Introduction

Drug-eluting stents (DES) provide reduced in-stent restenosis and the subsequent need for repeated revascularization compared with bare metal stents (BMS) [1]. However, the required duration of dual antiplatelet therapy (DAPT) after DES implantation has been considered longer than that of BMS to avoid the risk of stent thrombosis (ST). Resolute zotarolimus-eluting stent (R-ZES) (Resolute Integrity™; Medtronic, Santa Rosa, California) was CE marked in May 2010 and received FDA approval in February 2012. R-ZES has a thin strut, cobalt chromium alloy, and release zotarolimus, over a period of approximately 180 days, from Biolinx™ tri-polymer coating system [2]. In patients with various types of lesion, such as acute coronary syndrome, stable angina, and small vessel disease, 1 or 2-year outcomes of R-ZES had been reported to be safe and effective [3, 4]. A recent all-comers randomized clinical trial of the R-ZES also demonstrated comparable clinical outcomes to the everolimus-eluting stents up to 4 years [5]. Interestingly, the analysis from four prospective multicenter clinical trials showed that DAPT interruptions between 1 and 12 months after R-ZES implantation were not associated with increased risk of ST and cardiac outcomes [6]. The European agency gave a CE mark for 1-month DAPT duration after treatment with R-ZES, although there has been only this clinical evidence to support the shorter requirement of DAPT. Incomplete neointimal coverage after stenting is associated with increased risk of ST [7, 8]. Optimal coherence tomography (OCT) provides an axial resolution of 10–15 μm, thus enabling accurate evaluation of tissue coverage after stenting. OCT has now become a standard exploratory tool for the evaluation of neointimal studies comparing various types of stent [9, 10]. The aim of this study was to evaluate neointimal coverage at early phase after R-ZES implantation using OCT.

Methods

This study was a prospective, single-center study to evaluate the early vessel responses of R-ZES using OCT. From December 2012 to April 2014, a total of 20 consecutive patients who had multivessel coronary lesion and consented to this study protocol were randomized in a 1:1:1 fashion to observe by OCT either the 1-, 2-, or 3-month group. All patients had multivessel lesions; therefore, we performed staged PCI at months 1–3 after the index PCI with R-ZES. Time-course OCT was conducted concurrently with staged PCI at months 1, 2, and 3 after R-ZES implantation to determine the percentage of stent strut coverage (Fig. 1).

Fig. 1
figure 1

A flowchart of this study

Inclusion criteria for this study were as follows: (1) de novo multivessel lesions with ≥75 % diameter stenosis by visual estimation and (2) objective evidence of myocardial ischemia in at least 2 lesions. Exclusion criteria were as follows: (1) ST-segment elevation myocardial infarction, (2) lesions with chronic total occlusion, (3) significant left main or bifurcation lesions, (4) poor view of OCT findings, (5) in-stent restenosis lesions, (6) more than two lesions with acute coronary syndrome, (7) patients on hemodialysis, and (8) patients with single-vessel lesion.

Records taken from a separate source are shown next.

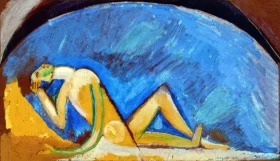 Figura davanti alla volta blu by Marc Chagall (Inspired by) Figura davanti alla volta blu by Marc Chagall (Inspired by)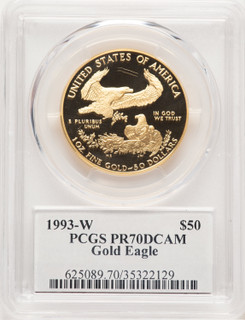 1993-W Proof Gold Eagle 1 oz John PCGS MS70 Mercanti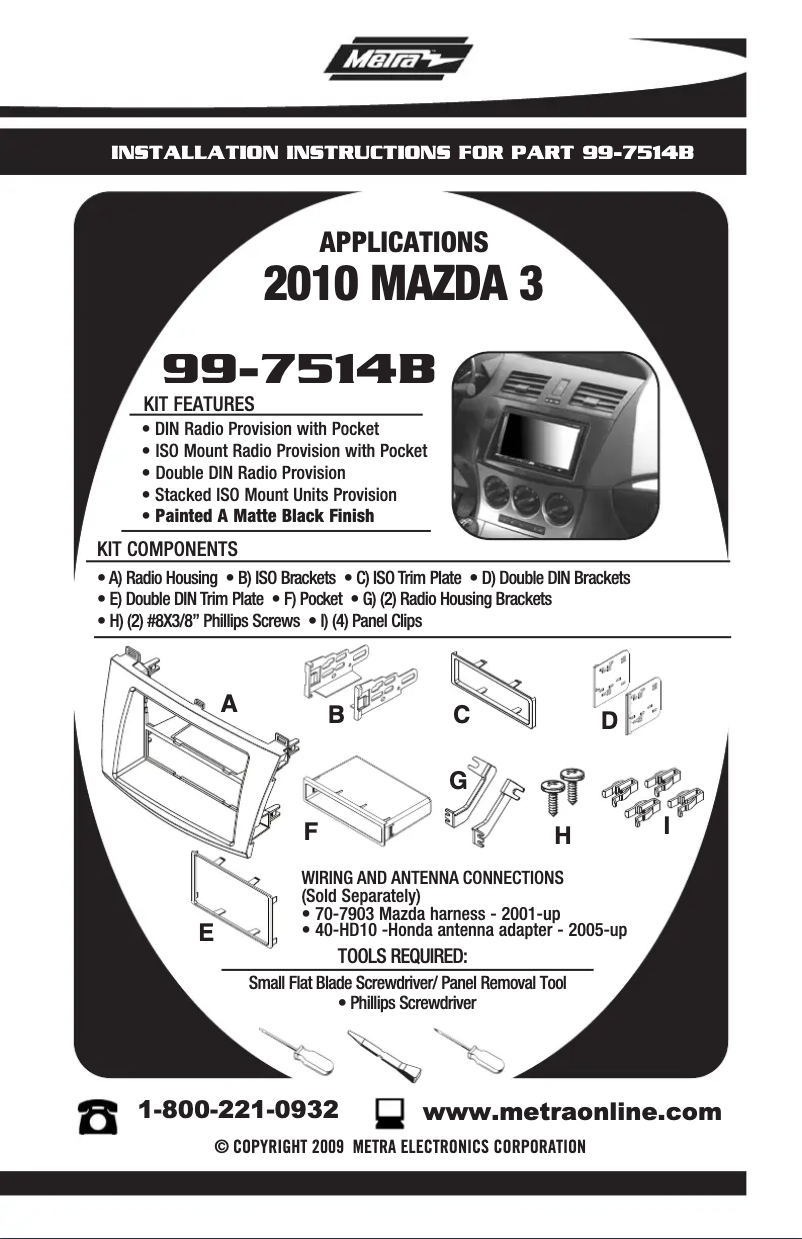 Página 1 del manual Guía de instalación Metra 99-7514B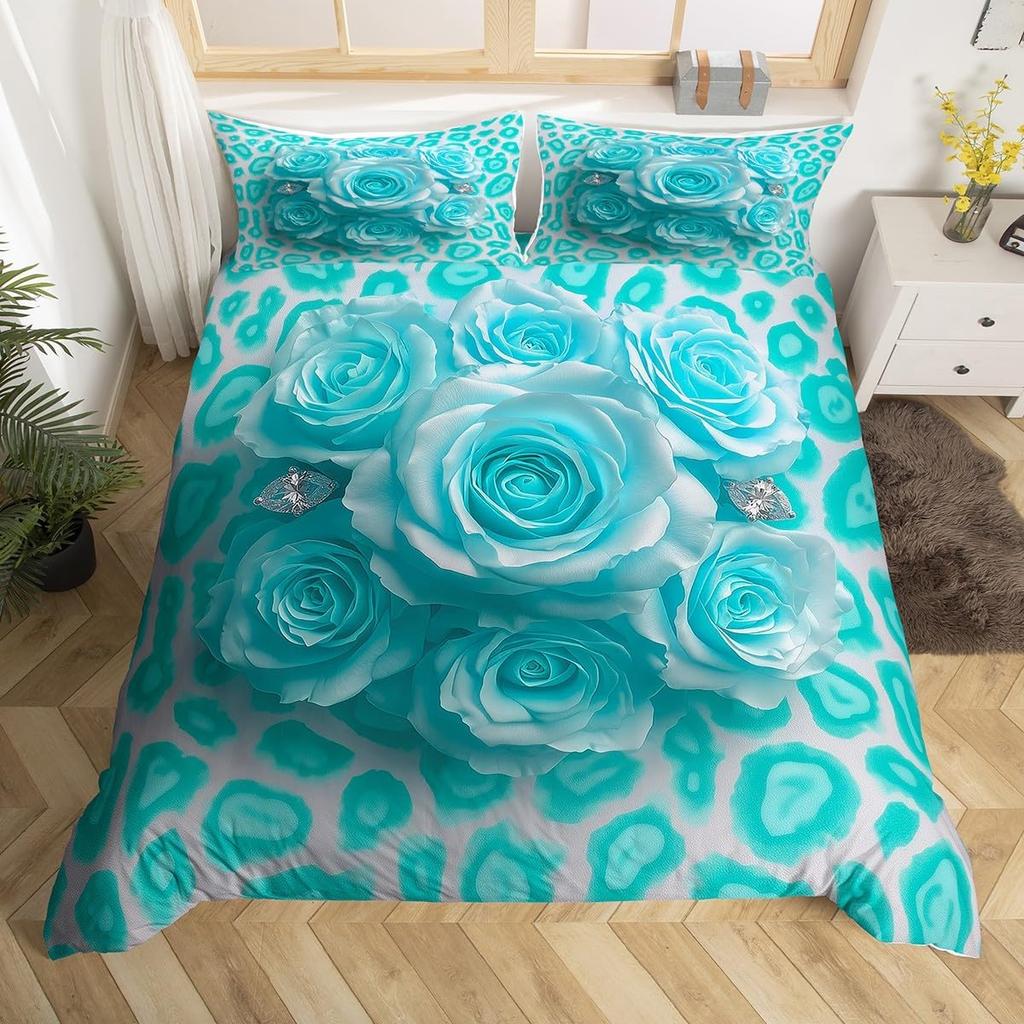 Rose Butterfly Duvet Cover Queen King Size Butterfly Valentine'S Day Quilt Cover Bedding 3 Pcs Rose Flower Quilt Cover 3 Pcs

The study protocol was approved by the institutional review board and was performed in accordance with the ethical standards laid down in the 1964 Declaration of Helsinki and its later amendments. All patients received oral and written information about the study and signed an informed consent before participation in the study.

In all patients who signed informed consent, stents were evaluated using OCT imaging after the index procedure and each month after stent implantation. Coronary angioplasty was performed according to standard techniques. Before the 1st intervention, all patients with acute coronary syndrome received 200 mg loading of aspirin and 300 mg loading of clopidogrel, and patients with stable angina pectoris started receiving DAPT (aspirin 100 mg and clopidogrel 75 mg) at least 5 days prior to the 1st intervention. After the intervention, all patients continued to receive DAPT during the entire study period.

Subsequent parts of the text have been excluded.